> _GOAL OF THE EXERCISE_: Copy all the records exactly, but keep the pictures out of your version.

> _RECORDS FOR THE TASK_:
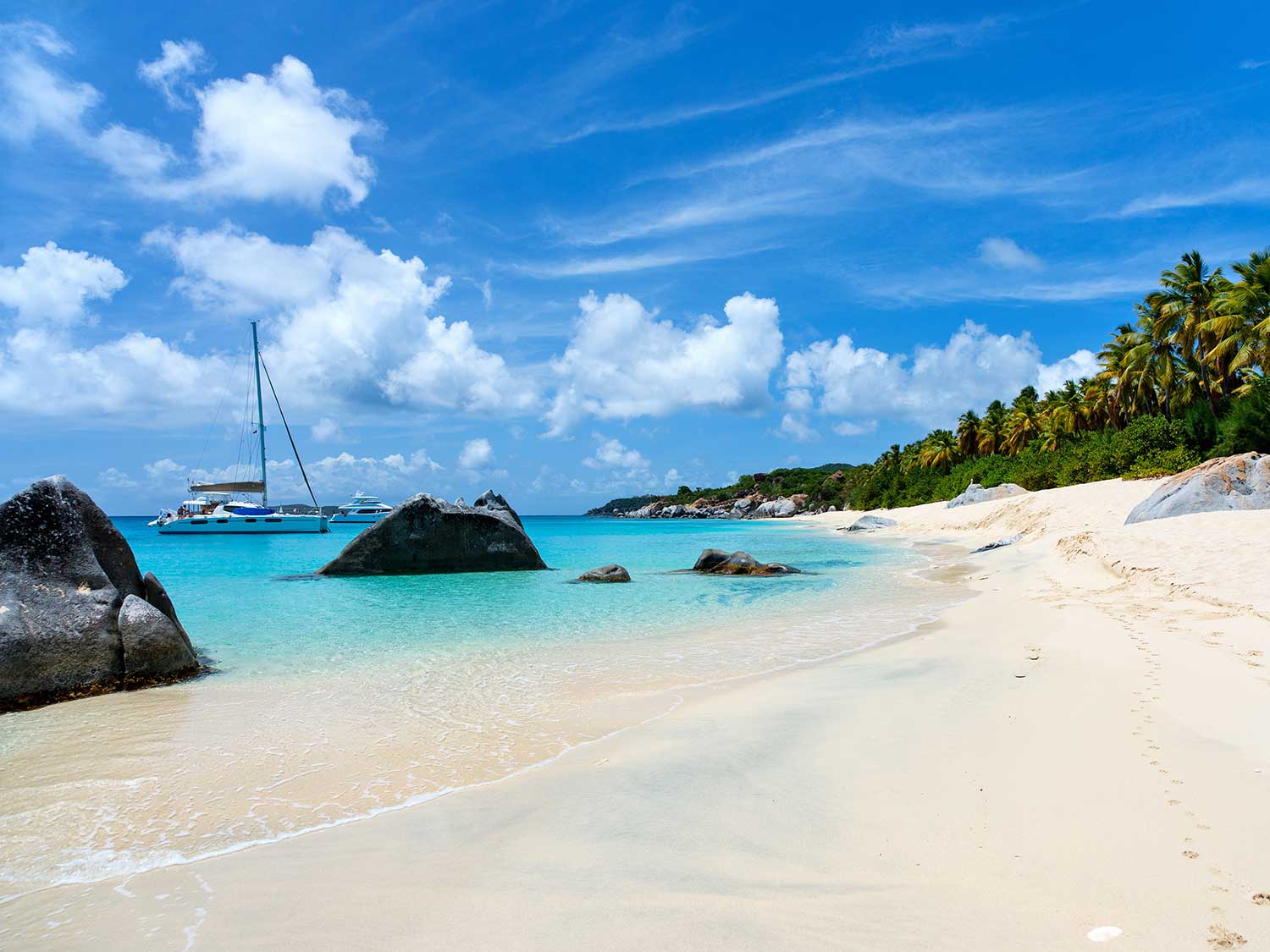 BVI beach with yacht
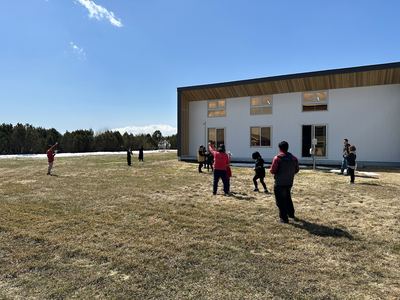 青空の広がる屋外でペーパークラフトを飛ばしている団員たちの写真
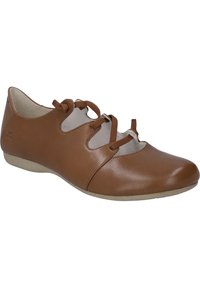 Brown leather shoe featuring a rounded toe, cut-out design, and lace-up front with matching laces. Soft inner lining and low sole.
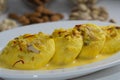 Appetizing traditional Ras malai Indian sweet dish soft paneer balls immersed in creamy milk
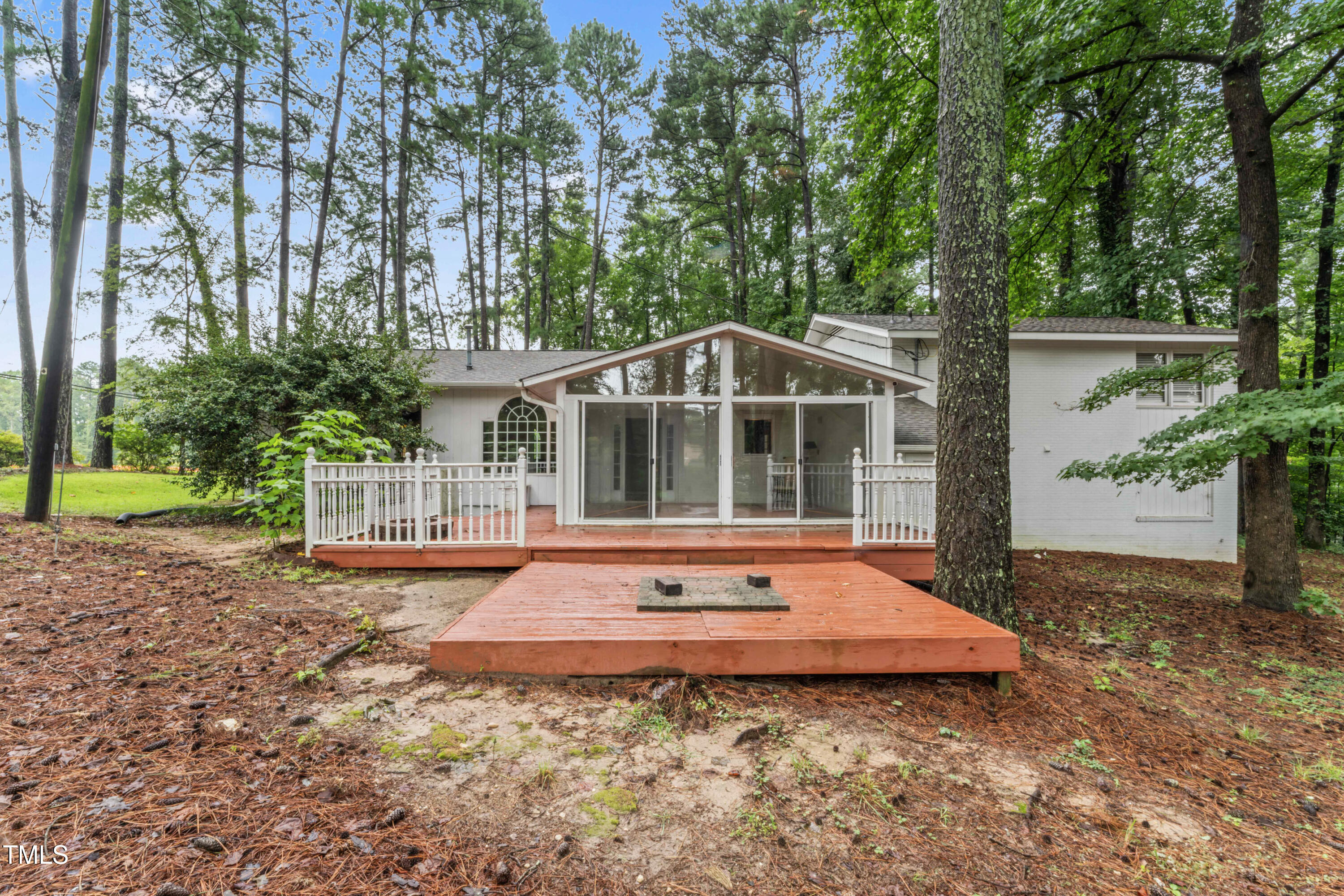 3872 Hope Valley Road Durham, NC 27707 - Photo 38 of 49 a view of a house with backyard sitting area and garden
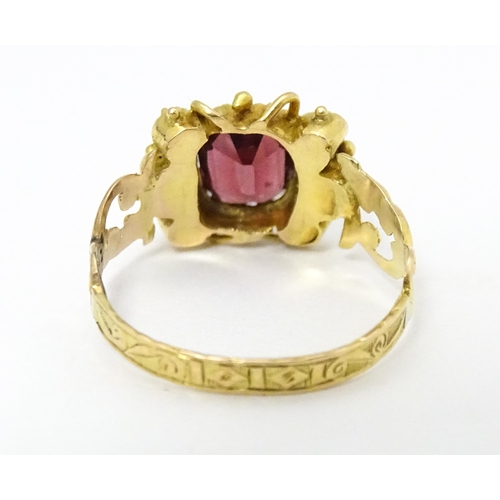 693 - A Victorian 12ct gold ring set with garnet and pearl hallmarked Birmingham 1857. Maker J.A  Ring siz... 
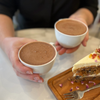 Mahalia Hot Chocolate in two cups with carrot cake 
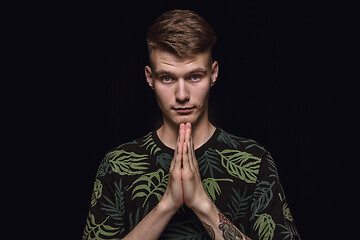 Image showing Close up portrait of young man isolated on black studio background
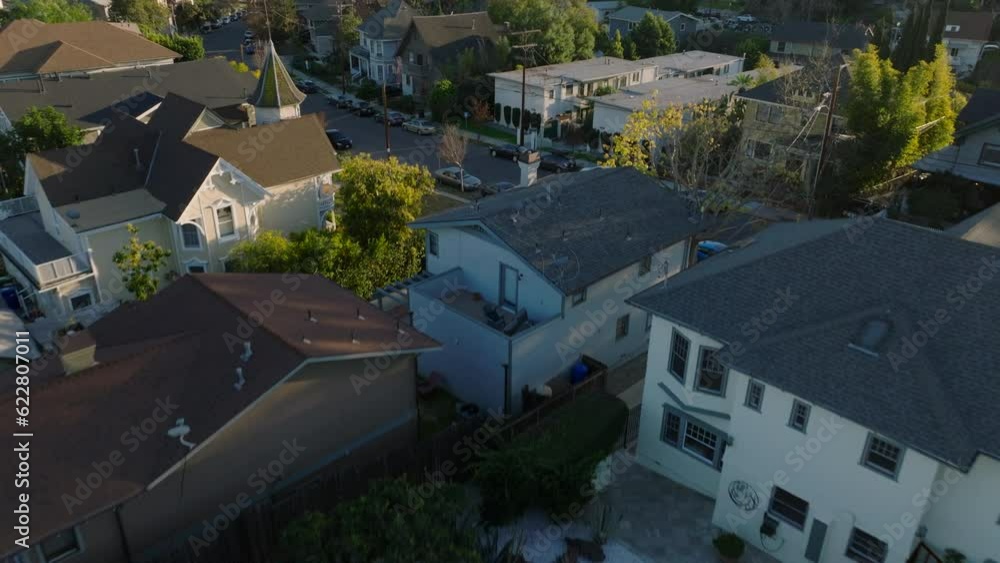 High angle view of residential houses along streets in city. Tilt up reveal of skyline with downtown skyscrapers. Los Angeles, California, USA High angle view of residential houses along streets in city. Tilt up reveal of skyline with downtown skyscrapers. Los Angeles, California, USA
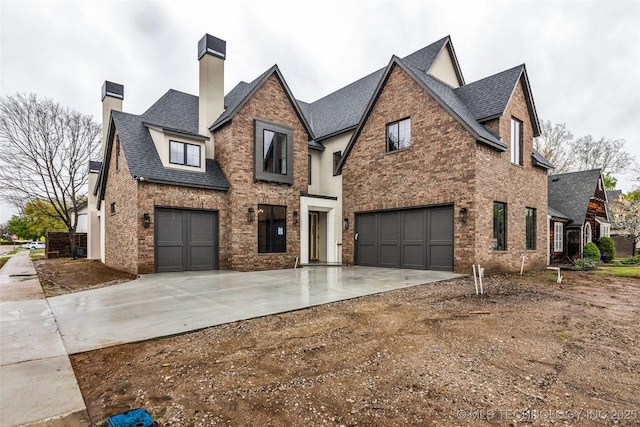 view of front of home with driveway, a chimney, brick siding, an attached garage, and a shingled roof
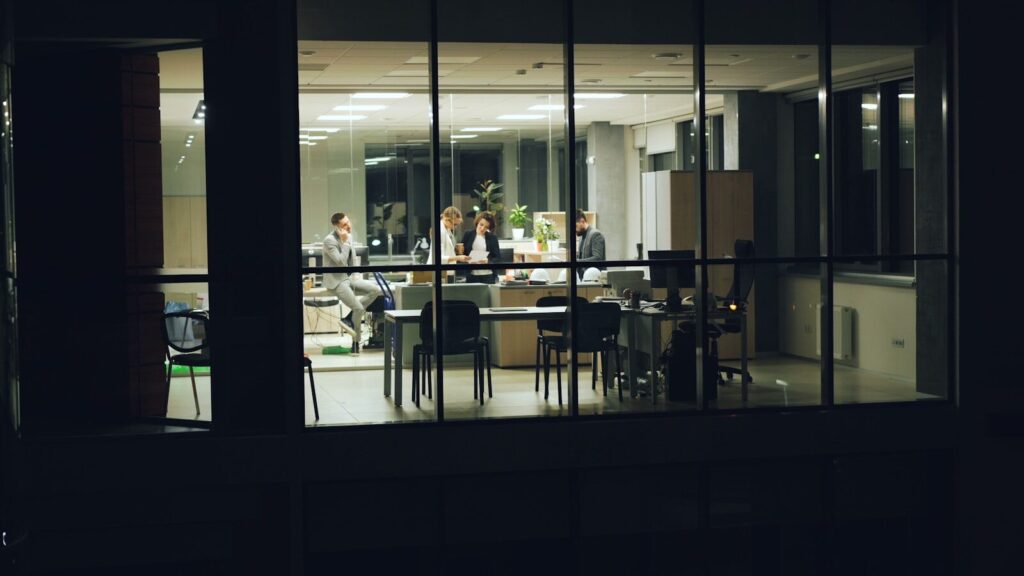 How Workplace Surveillance Software Redefining New Trust, Productivity and Privacy People working late in a modern office at night.
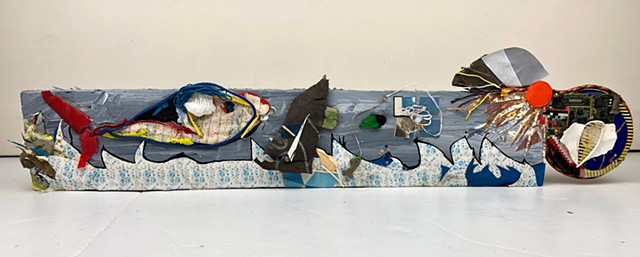A seascape by Steven Tannenbaum, this piece uses Monet-like collage elements along with found objects to depict a fish, boat, and sun in a rocky ocean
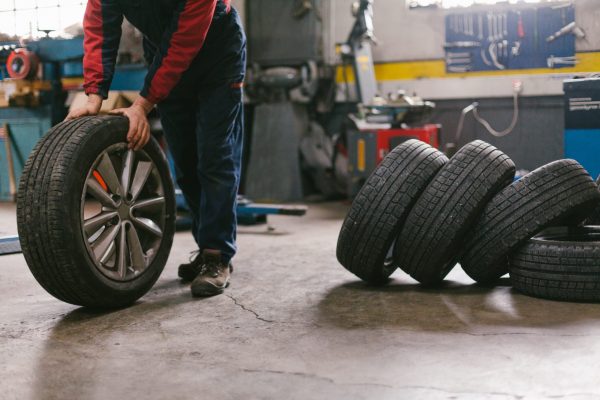 man moving a tire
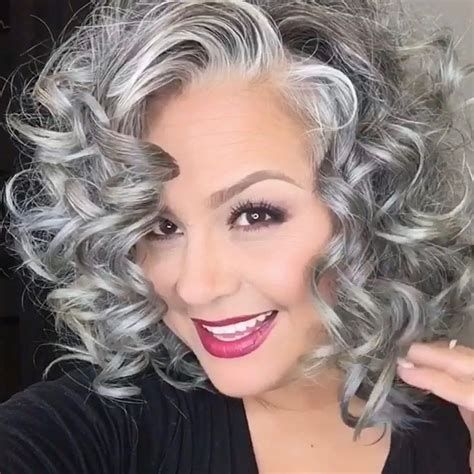 smiling lady flaunting her grey hairstyle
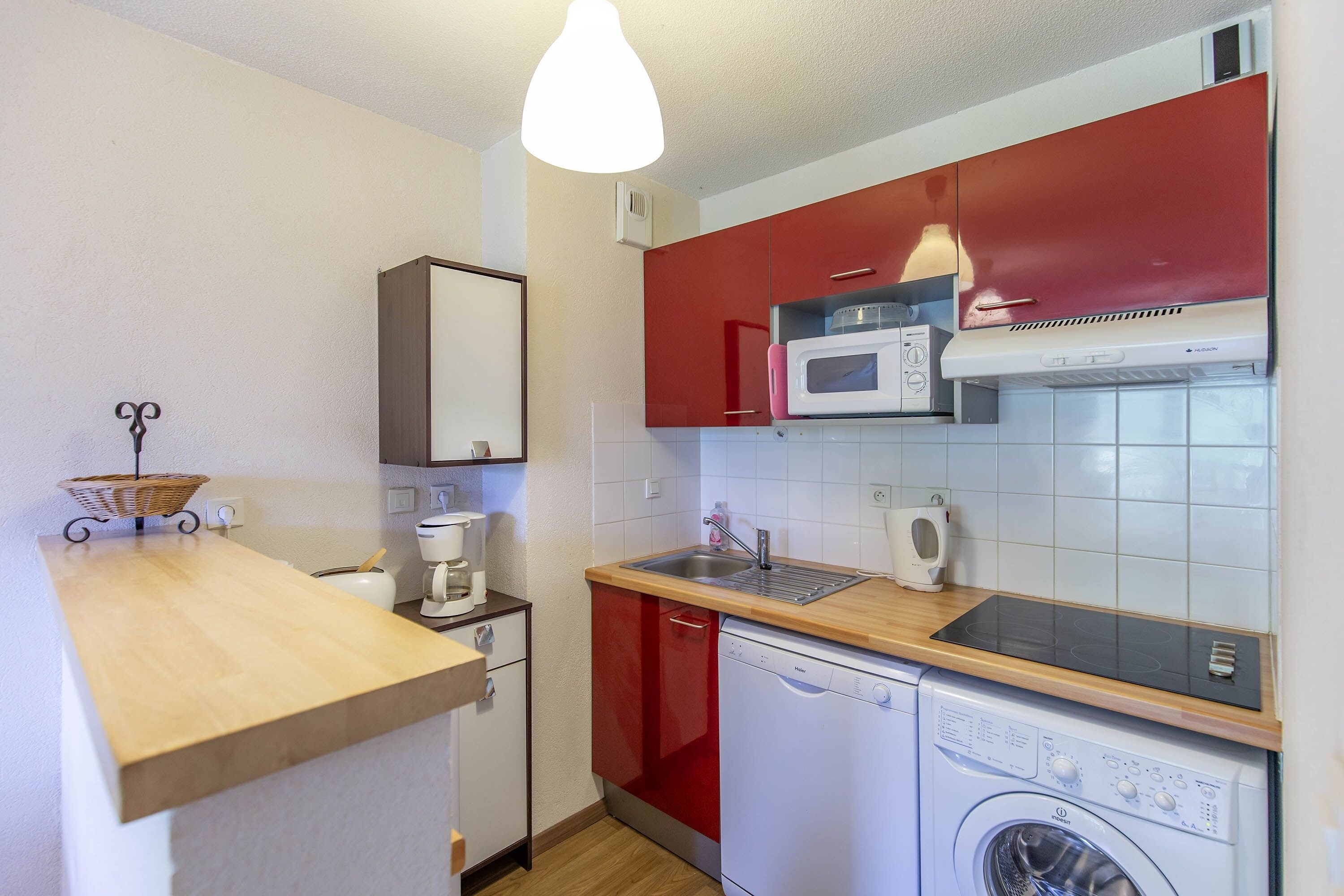 A compact kitchen with a microwave, toaster, and dishwasher.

> _ANSWER TO THE EXERCISE_:
 BVI beach with yacht
 青空の広がる屋外でペーパークラフトを飛ばしている団員たちの写真
 Brown leather shoe featuring a rounded toe, cut-out design, and lace-up front with matching laces. Soft inner lining and low sole.
 Appetizing traditional Ras malai Indian sweet dish soft paneer balls immersed in creamy milk
 3872 Hope Valley Road Durham, NC 27707 - Photo 38 of 49 a view of a house with backyard sitting area and garden
 693 - A Victorian 12ct gold ring set with garnet and pearl hallmarked Birmingham 1857. Maker J.A  Ring siz... 
 Mahalia Hot Chocolate in two cups with carrot cake 
 Image showing Close up portrait of young man isolated on black studio background
 High angle view of residential houses along streets in city. Tilt up reveal of skyline with downtown skyscrapers. Los Angeles, California, USA High angle view of residential houses along streets in city. Tilt up reveal of skyline with downtown skyscrapers. Los Angeles, California, USA
 view of front of home with driveway, a chimney, brick siding, an attached garage, and a shingled roof
 How Workplace Surveillance Software Redefining New Trust, Productivity and Privacy People working late in a modern office at night.
A seascape by Steven Tannenbaum, this piece uses Monet-like collage elements along with found objects to depict a fish, boat, and sun in a rocky ocean
 man moving a tire
 smiling lady flaunting her grey hairstyle
 A compact kitchen with a microwave, toaster, and dishwasher.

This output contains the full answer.